Pensando en estas cosas estaba José, cuando regresó el marinero al puerto, y al verle con tal cara de aflicción, le preguntó por el motivo y él, que en esos momentos necesitaba mucho desahogar su disgusto, le relató lo que acababa de suceder en la puerta de la iglesia.


El hombre le escuchó con mucha atención y dibujándose en sus labios una sonrisa que José cabizbajo no vio, le dijo que tenía que ir al “poble” por algo importante pero que regresaría en un instante.


El chico nada respondió ni se movió de su asiento, ofreciendo un aspecto de hombre derrotado que daba lástima verle, y el marinero, que volvió la mirada hacia él, en vez de compadecerle, sonrió nuevamente y siguió presuroso la marcha.


Ya ves –se decía así mismo José- tu que no quisiste a Rosa, tan buena chica, rica, guapa...; ni a María, que era la mejor del pueblo; ni a aquella maestra de escuela que estaba loca por ti. Has venido a enamorarte de una forastera casada y con dos mellizas. ¡Que calamidad eres, Pepe! Y en lo de calamidad estaba cuando escuchó y vio, que el marinero regresaba acompañado de varias persona. Y cuando volvió la vista lo primero que vio fue a su amada con el marido y las dos niñas chicas.

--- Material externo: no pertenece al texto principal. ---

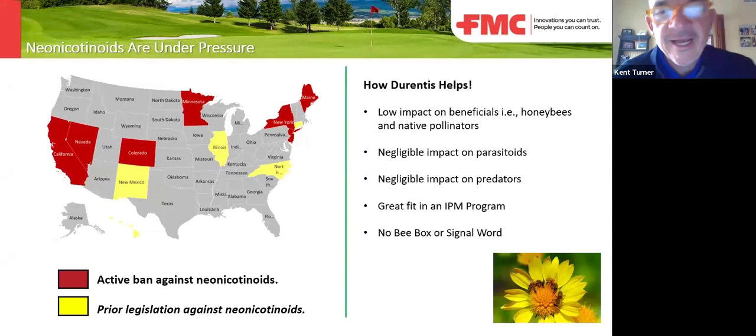So we're here for two reasons. One: this is a map of neonicotinoid legislative pressure here in the United States. The yellow indicates prior legislation against neonics — this slide actually needs updating because the state of Washington should be yellow — and the red states have bans against neonics. So it is under scrutiny. The other reason we're here is that we've been selling this active ingredient in the ag space for quite some time, but it was licensed in the turf and ornamental space by someone else. That license ran out a couple years ago, so we sought registration for our own chlorantraniliprol product.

-Este hombre está loco- pensó viendo al marinero que no cesaba de sonreír. ¡Que complicación ha organizado trayendo a la mujer que yo quiero y al marido! Aquí va a haber problemas y no pequeños; y en esto, vio que detrás del matrimonio llegaba otra persona, una joven que le sonreía y caminaba hacia él resueltamente.


¡Santo Cielo! –Exclamó José maravillado- Esta sí que es la que yo he venido a buscar, no la de las niñas. Y en aquel instante comprendió lo que dijo aquella mujer mayor a la salida de la iglesia “sigues con la tradición de la familia, ya son tus niñas la cuarta generación de mellizas”.


Entonces habló por primera vez su amada, cuya voz le pareció la de un ángel, que dirigiéndose al marinero pronunció estas palabras: -Visconti, ahora iremos a mi casa para que mi madre conozca a tu pasajero, pues mi padre ya lo vio anteayer en el puerto de Alicante; comeremos allí todos, estás invitado.


Terminada la comida, el marinero marchó al chiringuito a charlar un rato con los amigos, los cuales ya hacía mucho tiempo que no veía.
El padre se echó un rato a la siesta; la madre se puso a trajinar por la casa y el matrimonio se fue a la suya con las mellizas; comprendiendo todos con muy buen criterio, que la pareja tenía mucho qué hablar, y así fue, hablaron mucho y de provecho, porque quedaron de acuerdo en que empezarían una nueva etapa de su vida en el pueblo de Sant Joan, para ver si eran capaces de seguir la tradición familiar de las mellizas.